▶ [Work task]:
At the line with "20oz Tumbler Print #292", start transcribing; stop after the last line of the data below. Keep it exact and leave pictures out.

▶ [Given data]:

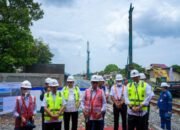 Jalur Layang KA Kualanamu, Medan & Binjai Dapat Digunakan Tahun 2024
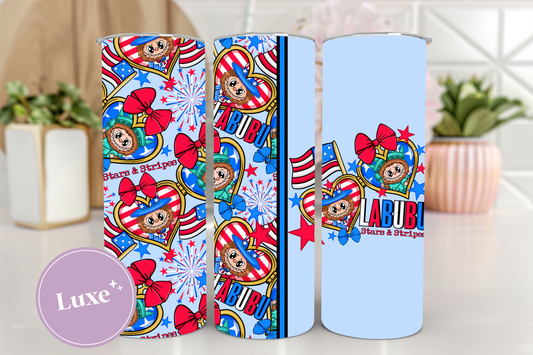 20oz Tumbler Print #292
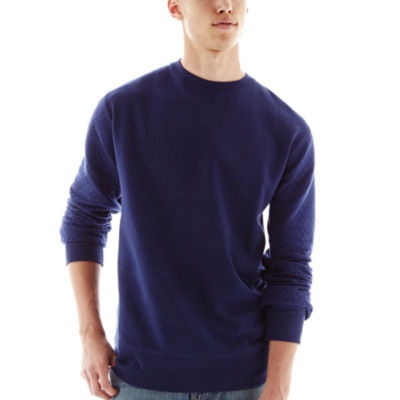 arm and hammered sweatshirt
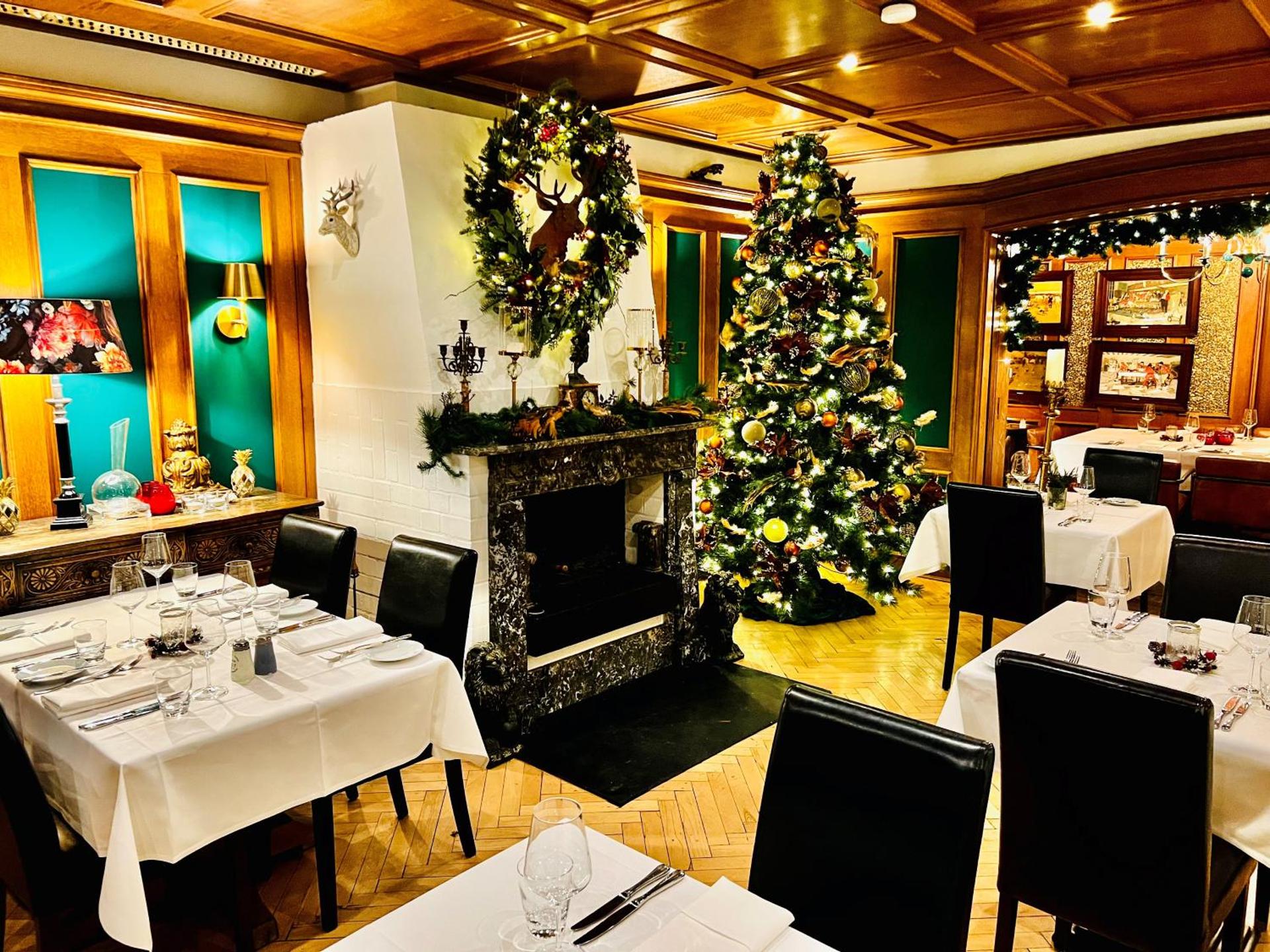 Restaurant/places to eat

▶ [Solution to this problem]:
 20oz Tumbler Print #292
 arm and hammered sweatshirt
 Restaurant/places to eat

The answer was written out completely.